The Bank of England’s chief economist Andy Haldane has warned that the UK economy is facing “the most dangerous moment for monetary policy” since 1992. In an article in this week’s issue of the New Statesman, Haldane explains why the bank must intervene early to ward off the threats posed by “the tiger” of inflation.
“Policy is about balancing risks and these have shifted swiftly, significantly and decisively in an upward direction since the start of the year,” Haldane writes. “This makes it a dangerous moment, not just for central bankers but for the wider economy.”
Haldane, who will step down as the bank’s chief economist this month and will become chief executive of the Royal Society for Arts in September, warns that it would be a mistake for the Bank of England to treat the aftermath of the pandemic in the same way as the aftermath of the 2008 financial crisis (when interest rates remained no higher than 0.5 per cent). A faster, steeper recovery will require a different policy response.
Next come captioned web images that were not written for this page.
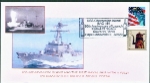 EAG-154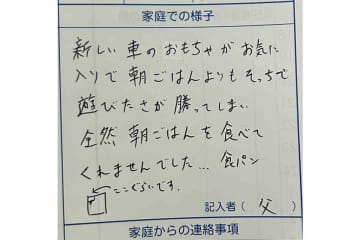 「夫が書いた連絡帳、可愛すぎる」2歳息子が朝ごはん食べず…手書きの“直角パン”に妻も惚れ直す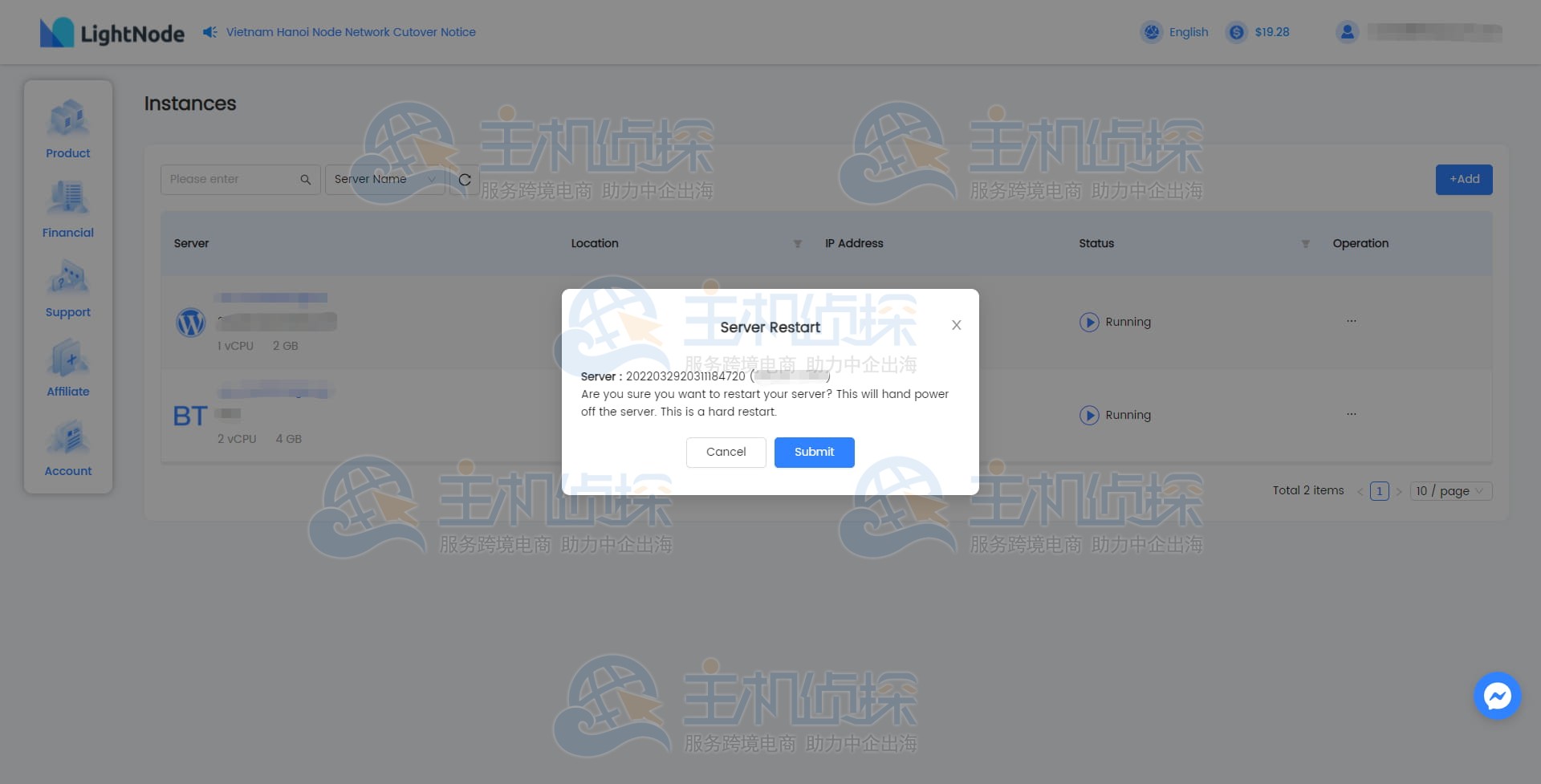 LightNode VPS实例开/关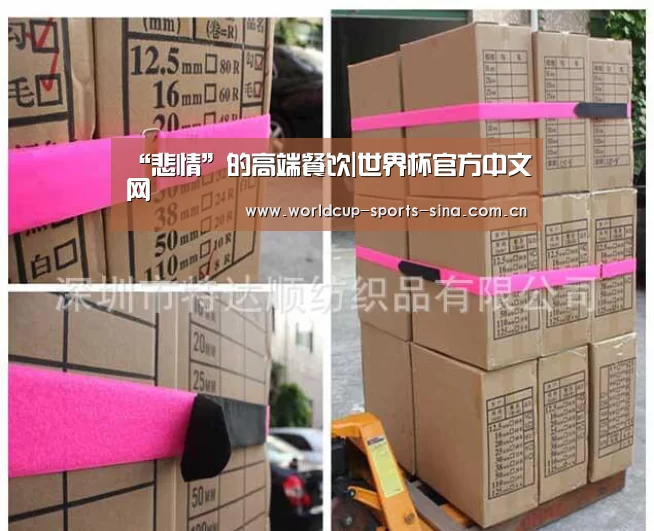 “悲情”的高端餐饮|世界杯官方中文网(图3) 世界杯官方中文网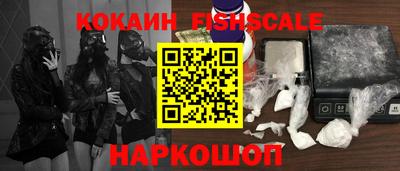 кокаин перу Комсомольск-на-Амуре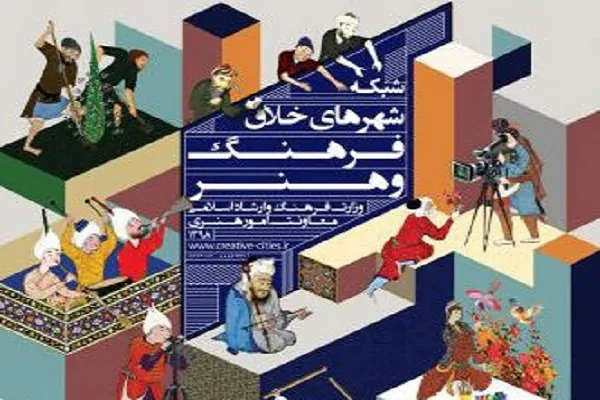 25 آذرماه، آخرین مهلت دریافت ایده‌ها در شبکه شهر خلاق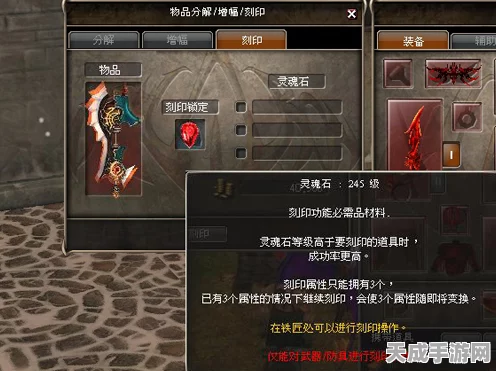 光遇，深入献祭秘境，解锁灵魂之旅的奇幻挑战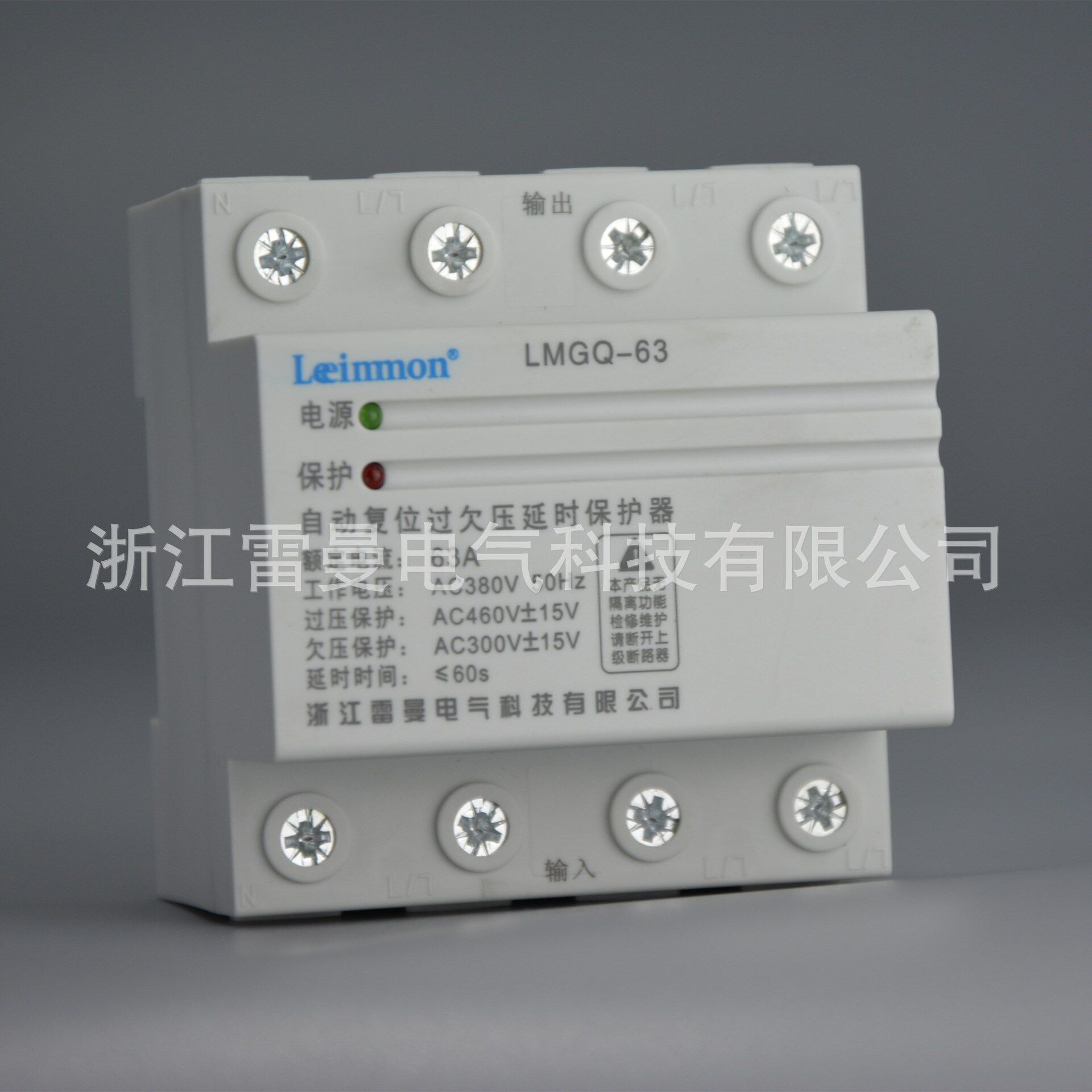 雷曼电气低价热卖家用全自动过欠压保护器LMGQ户内箱专用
“In my view this is the most dangerous moment for monetary policy since inflation-targeting was first introduced into the UK in 1992 after the European Exchange Rate Mechanism debacle,” he writes. “Having followed the global financial crisis playbook on the way in – rightly – there is a risk central banks also follow it on the way out. This would be a bad mistake. If realised, this risk would show up in monetary policy acting too late.”
Hundreds of billions of pounds have been saved by households over the past 15 months as spending in retail, hospitality, travel and other areas has been curtailed. But as Haldane explains, the consumer demand these savings will create in a newly reopened economy is not being met by businesses that have, in many cases, been forced into prolonged inactivity. The result: rising prices across the economy. Wages may rise too, as the skills shortage caused by the pandemic gives workers more bargaining power.
“My best guess is that the UK economy will move from bounce-back to boom without passing ‘go’, as cash is splashed and the holy trinity of animal spirits, buoyant balance sheets and fiscal pump-priming combine”, Haldane writes. But he adds that to leave “the tiger” of inflation unchained “runs the risk of the brakes needing to be slammed on to an overheating economic engine”.
A late attempt to address inflation – “an economic handbrake turn” – could mean raising interest rates in a slowing economy, leaving households and businesses squeezed between the rising cost of spending and more expensive debt.